Séparée de Jagger en 1970, elle s'enfonce dans l'héroïne et la dépression. Elle apparaît épisodiquement au théâtre, se montrant en 1973 dans un show télévisé avec David Bowie. En 1975, elle amorce un retour en reprenant le « Dreaming My Dreams » du chanteur country Waylon Jennings, extrait de l'album du même nom (1976), enregistré avec les anciens accompagnateurs de Joe Cocker, The Grease Band. Ce disque, republié sous le titre de Faithless (1978), qu'elle devait à l'origine enregistrer avec Tim Hardin, a une orientation country marquée. Elle se marie alors avec Ben Brierly, basiste du groupe punk les Vibrators, et commence à envisager la musique autrement. Pour la première fois depuis ses débuts, elle se décide à écrire elle-même ses chansons. Rien ne laisse alors présager la réussite exceptionnelle de Broken English (1979), premier album d'un nouveau contrat avec les disques Island. Départ plus que retour, il révèle une voix devenue rauque et déchirée et trahit des accents nouveaux de dégoût et de désespoir. L'accompagnement, inspiré par les sons de la new wave électronique, est dépouillé et lancinant. Produit par Mark Miller, le disque présente des sommets comme le déchirant « The Ballad Of Lucy Jordan » de Shel Silverstein, une version presque menaçante du « Working Class Hero » de John Lennon ou encore le très obscène « Why D'Ya Do It », chargé d'une tension sexuelle que n'apprécieront guère les responsables d'EMI, compagnie distributrice d'Island. Dangerous Acquaintances (1981), produit par Steve Winwood, bénéficie d'un accompagnement plus rock et transmet une vision douloureuse. A Child's Aventure (1983) est produit en Jamaïque par Wally Badarou.
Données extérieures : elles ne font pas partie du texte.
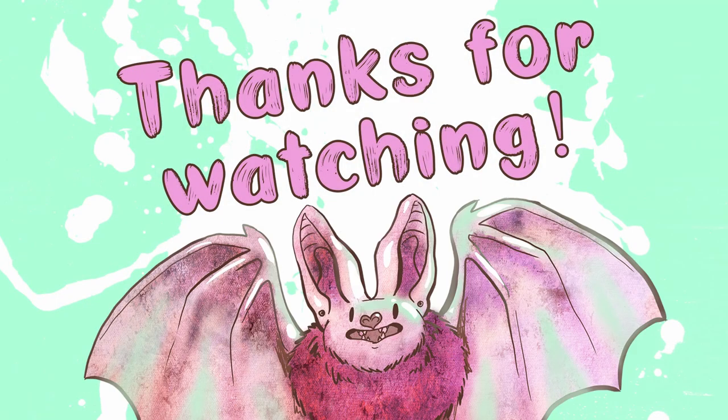Thank you for watching this quick little video, I hope you learned something! Make sure to hit that like button and subscribe for more projects! Bye!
Avec les années, la voix de Marianne Faithfull a nettement mué : elle est devenue plus rauque encore et cuivrée, proche de celle de Marlene Dietrich ou de Lotte Lenya. C'est ainsi qu'en 1985 elle enregistre « The Soldier's Wife Song » pour Lost In The Stars , disque collectif d'hommage à Kurt Weil produit par Hal Willner. Cette nouvelle collaboration donnera naissance à un album d'une grande maturité, Strange Weather (1987), où elle reprend des airs lents et désespérés de music-hall, comme le « Yesterdays » de Jerome Kern, recrée son « As Tears Go By » et interprète la splendide chanson-titre de Tom Waits, « Strange Weather ». Elle est accompagnée par les musiciens de Lou Reed, mais aussi par des cordes et des cuivres ; on peut aussi entendre sur ce disque le piano de Dr. John et la sonorité contemplative de la guitare de Bill Frisell. On est proche du Kurt Weill de la période américaine. Elle crée d'ailleurs cette année-là ses Sept péchés capitaux avec un grand orchestre. Elle avouera en 1995 à Libération avoir « toujours été fascinée par le mélange de dureté et d'enthousiasme de sa musique. » Après l'enregistrement de Blazing Away (1990), une rétrospective de sa carrière enregistrée à la St. Ann 's Cathedral de New York (Willner a fait appel à Dr. John, Marc Ribot du groupe de Tom Waits, Garth Hudson de The Band), et la mort de sa mère, elle reprend avec succès à l'opéra de Dublin en 1992 le rôle de Jenny La Pirate dans L'Opéra de quat' sous de Weill et Brecht. Elle collabore avec le dramaturge irlandais Frank McGuinness, qui a réalisé de nouvelles traductions des textes de Brecht en anglais. Après une participation à The Bells Of Dublin (1992) des Chieftains, elle publie son autobiographie et enregistre en 1995 le remarquable A Secret Life, coécrit, arrangé et réalisé par le compositeur Angelo Badalamenti, collaborateur du cinéaste David Lynch et créateur des chansons de Julee Cruise pour le feuilleton Twin Peaks. Sombre et envoûtant, A Secret Life est un album splendide qui sonne comme un long oratorio, inauguré par la récitation de vers de La Divine Comédie. En 1997, elle publie un disque des chansons de Kurt Weill et d'autres compositeurs, 20th Century Blues enregistré à Paris lors d'un spectacle présenté au New Morning. Island a publié en 1998 The Wasted Years une anthologie en deux CD. Son dernier album s'intitule Vagabond Ways (1999).